INPUT DATA:
-*-

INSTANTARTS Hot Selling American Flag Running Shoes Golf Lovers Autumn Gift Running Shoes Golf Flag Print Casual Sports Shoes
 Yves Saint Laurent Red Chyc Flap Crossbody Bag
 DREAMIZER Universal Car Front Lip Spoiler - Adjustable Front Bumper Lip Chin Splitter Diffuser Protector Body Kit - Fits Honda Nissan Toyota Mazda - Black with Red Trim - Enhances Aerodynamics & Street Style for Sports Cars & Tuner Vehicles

-*-

WORK INSTRUCTION:
Each line in the data is to be written out precisely.

TASK SOLUTION:
INSTANTARTS Hot Selling American Flag Running Shoes Golf Lovers Autumn Gift Running Shoes Golf Flag Print Casual Sports Shoes
 Yves Saint Laurent Red Chyc Flap Crossbody Bag
 DREAMIZER Universal Car Front Lip Spoiler - Adjustable Front Bumper Lip Chin Splitter Diffuser Protector Body Kit - Fits Honda Nissan Toyota Mazda - Black with Red Trim - Enhances Aerodynamics & Street Style for Sports Cars & Tuner Vehicles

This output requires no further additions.